IBM and Nvidia made the announcement Nov. 18 at the SC ’13 supercomputer show in Denver.
Big Blue will develop enterprise software capable of leveraging GPU accelerators and will work with Nvidia in integrating capabilities in Nvidia’s Tesla GPUs with IBM’s Power processors. Doing so will enable companies to bring supercomputing capabilities into their data centers, which is important with the rapid growth in the amount of data being generated, and the increasing need to more quickly process and analyze that data.
“Companies are looking for new and more efficient ways to drive business value from Big Data and analytics,” Tom Rosamilia, senior vice president of IBM Systems and Technology Group and integrated supply chain, said in a statement. “The combination of IBM and Nvidia processor technologies can provide clients with an advanced and efficient foundation to achieve this goal.”
Sumit Gupta, general manager of Tesla accelerated computing products at Nvidia, said the partnership is a win for both his company and IBM.
IBM officials “are going to look for opportunities to accelerate whenever they can whatever they can,” Gupta told eWEEK. For Nvidia, the partnership broadens the market reach for its GPU accelerators from supercomputers to enterprise systems.
“The growth opportunity is the enterprise part of this,” he said, noting that Intel will see increasingly competition in the data center from the likes of IBM and ARM. “Over the next year, the data center will become very diverse. … It will become a pretty interesting time in the market.”
Nvidia and Advanced Micro Devices for the past several years have promoted their graphics capabilities as accelerators that enable OEMs to build supercomputers with improved performance and greater parallel processing capabilities that don’t drive up the power consumption of the systems. Intel last year introduced the first of its many-core Xeon Phi x86-based coprocessors, a key part of the company’s neo-heterogeneity computing strategy of offering choices of processors that include common development tools and platforms.
ARM and its chip-making partners are expecting to begin offering 64-bit ARM-based server chips later next year and into 2015, challenging Intel in low-power, dense servers. At the same time, IBM in August unveiled its plan to license its Power technology in hopes of giving enterprises an alternative to Intel chips in cloud computing and hyperscale computing environments. Nvidia and Google were among the companies helping IBM launch the OpenPower Consortium, which aims to create an ecosystem around the effort.
IBM will combine its upcoming Power8 CPUs with Nvidia’s GPUs, including the company’s new Tesla K40 offerings, which the company also announced Nov. 18. The new products will help bring greater performance and power efficiency to such workloads in such areas as engineering, science, big data analytics and high-performance computing (HPC), according to the two vendors.
In addition, IBM Power systems will support applications developed with Nvidia’s CUDA programming platform, and also will make its Rational enterprise software development tools available to supercomputing programmers.

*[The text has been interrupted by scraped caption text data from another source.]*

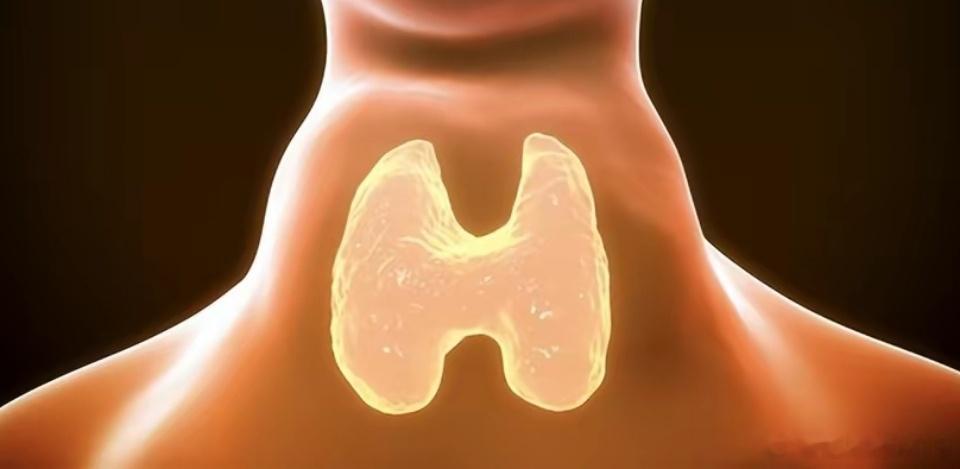 体检查出这8种病，提醒您：基本可以不用治！别自己吓自己1、甲状腺结节：95%都是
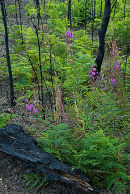 Rosebay Willowherb (Fireweed) growing on burnt heathland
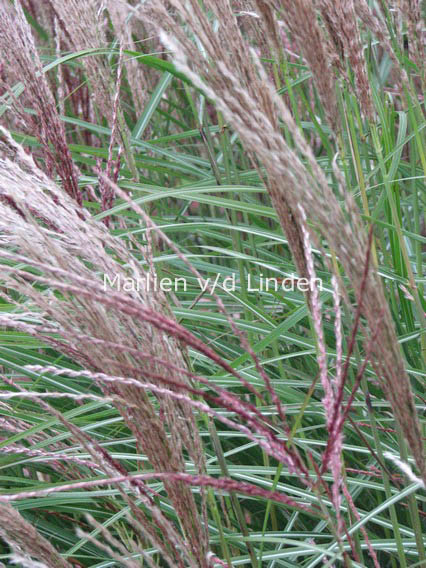 Miscanthus sinensis 'Kleine Silberspinne'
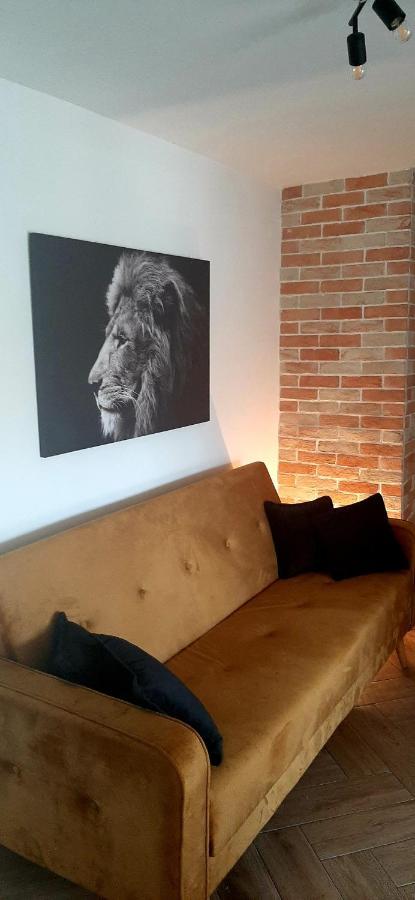 Ric Apartment בודווה מראה חיצוני תמונה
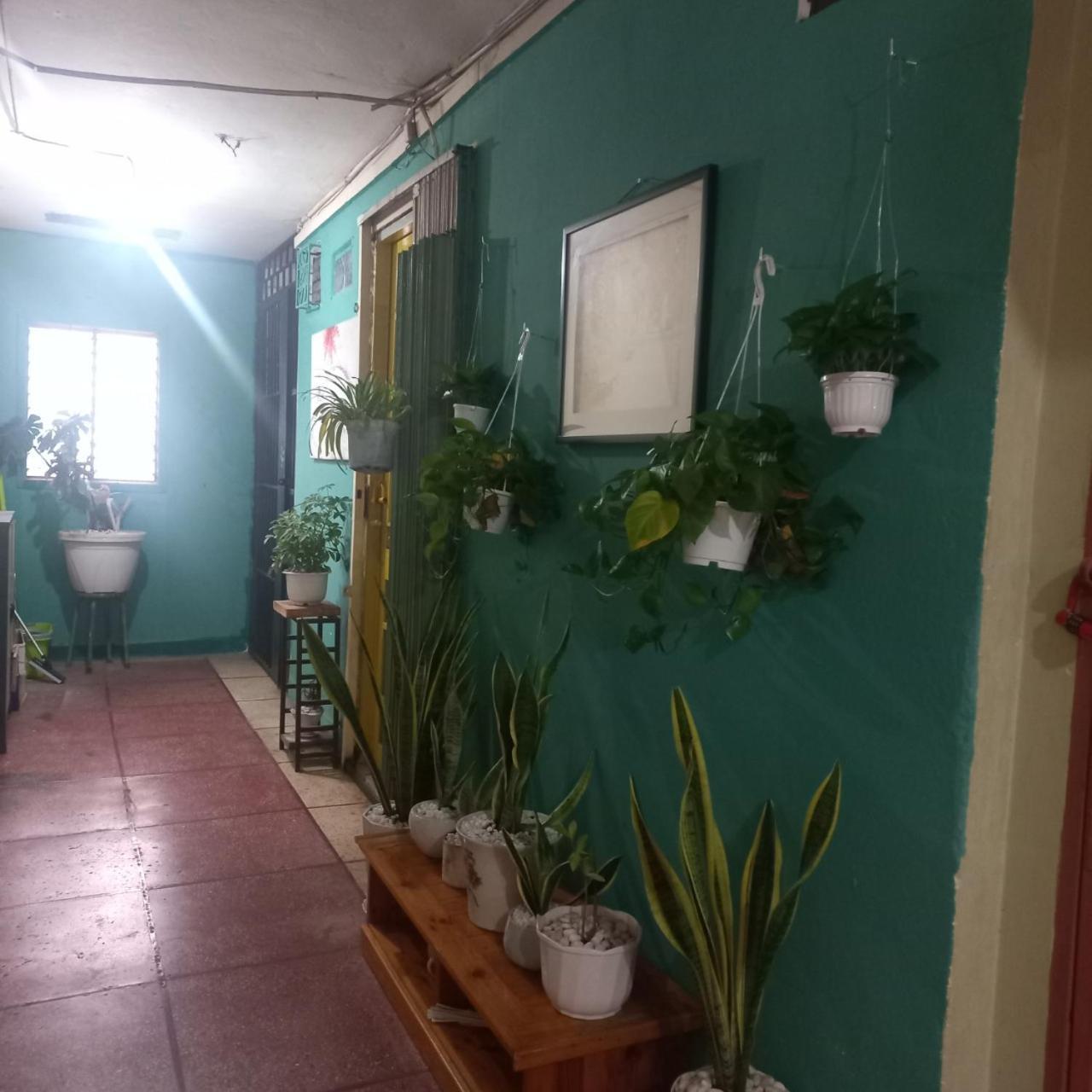 Local Life Stay *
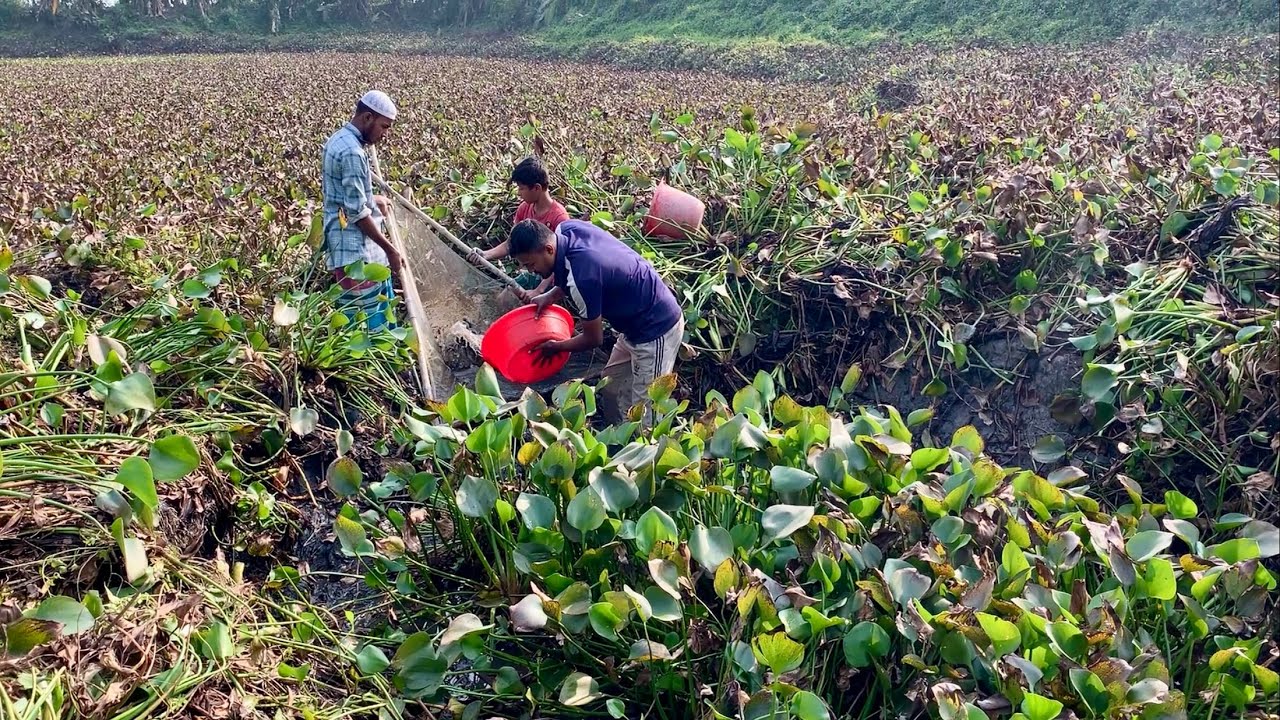 মাছ ধরা দেখে মন জুড়াল। এত সুন্দর মাছ ধরা জীবনে প্রথম দেখলাম। best village fishing videos .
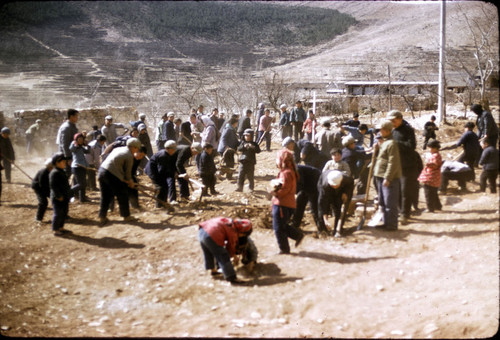 Building a School Playground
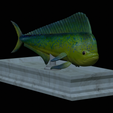 Base-mahi-mahi-7.png fish mahi mahi / common dolphin fish statue detailed texture for 3d printing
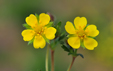 Potentilla verna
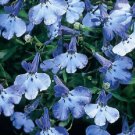 50 Multi Pelleted Lobelia Riviera Blue Splash Starts Seeds Fresh Garden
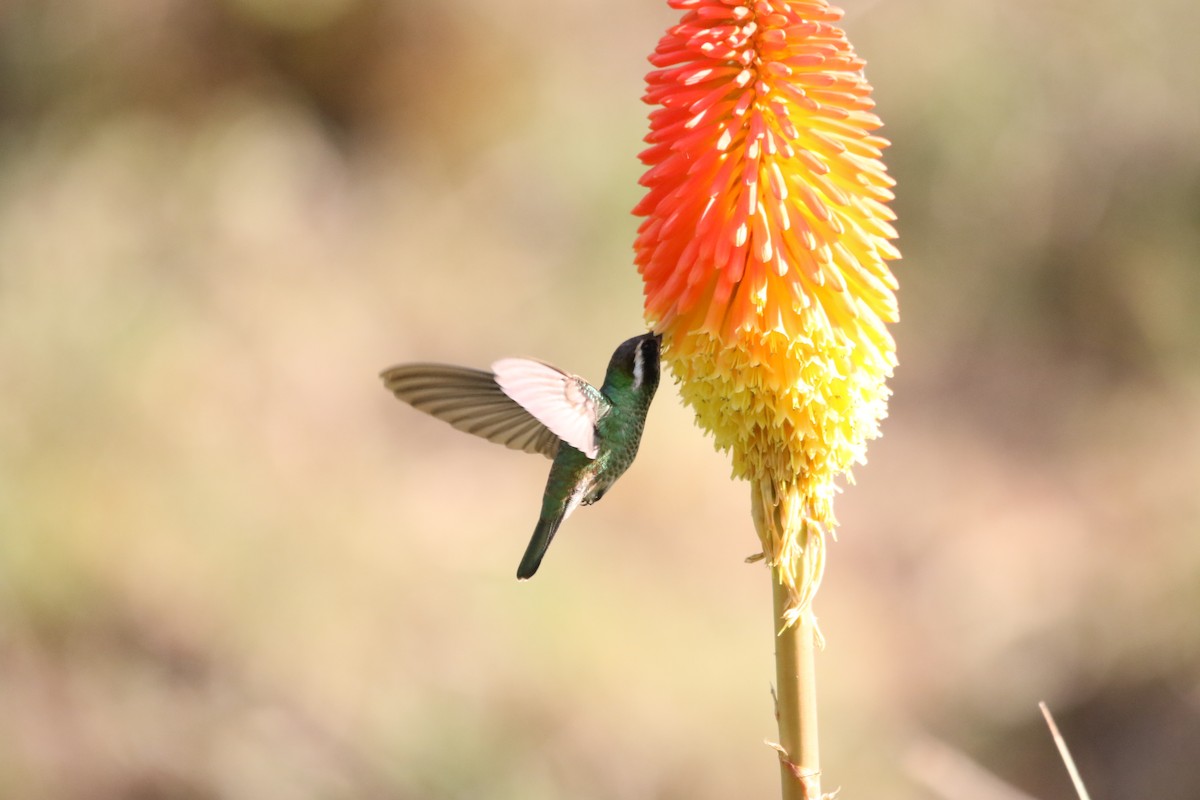 White-eared Hummingbird - ML588553011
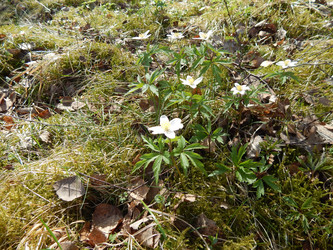 Similar image 22127241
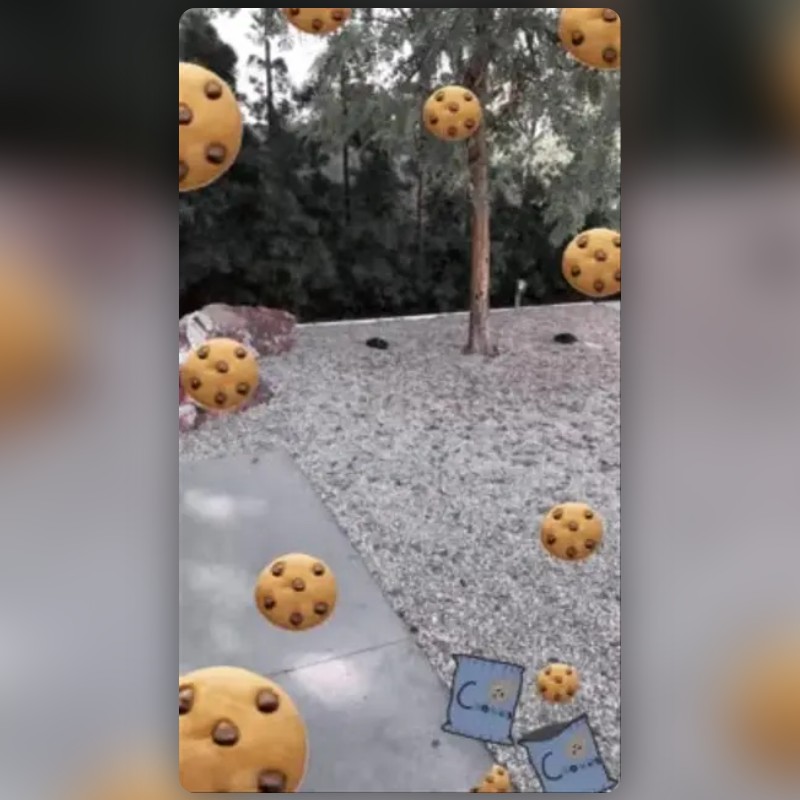 I love cookie Lens by Amanda🦋🧿 Snapchat Lenses and Filters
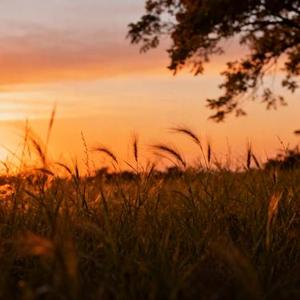 得意的笑 (雷鬼男版)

“This partnership will bring supercomputer performance to the corporate data center, expanding the use of GPU accelerators well beyond the traditional supercomputing and technical computing markets,” Ian Buck, vice president of accelerated computing at Nvidia, said in a statement. “It will also provide existing supercomputing and high performance computing customers with new choices and technologies to build powerful, energy-efficient systems that drive innovation and scientific discovery.”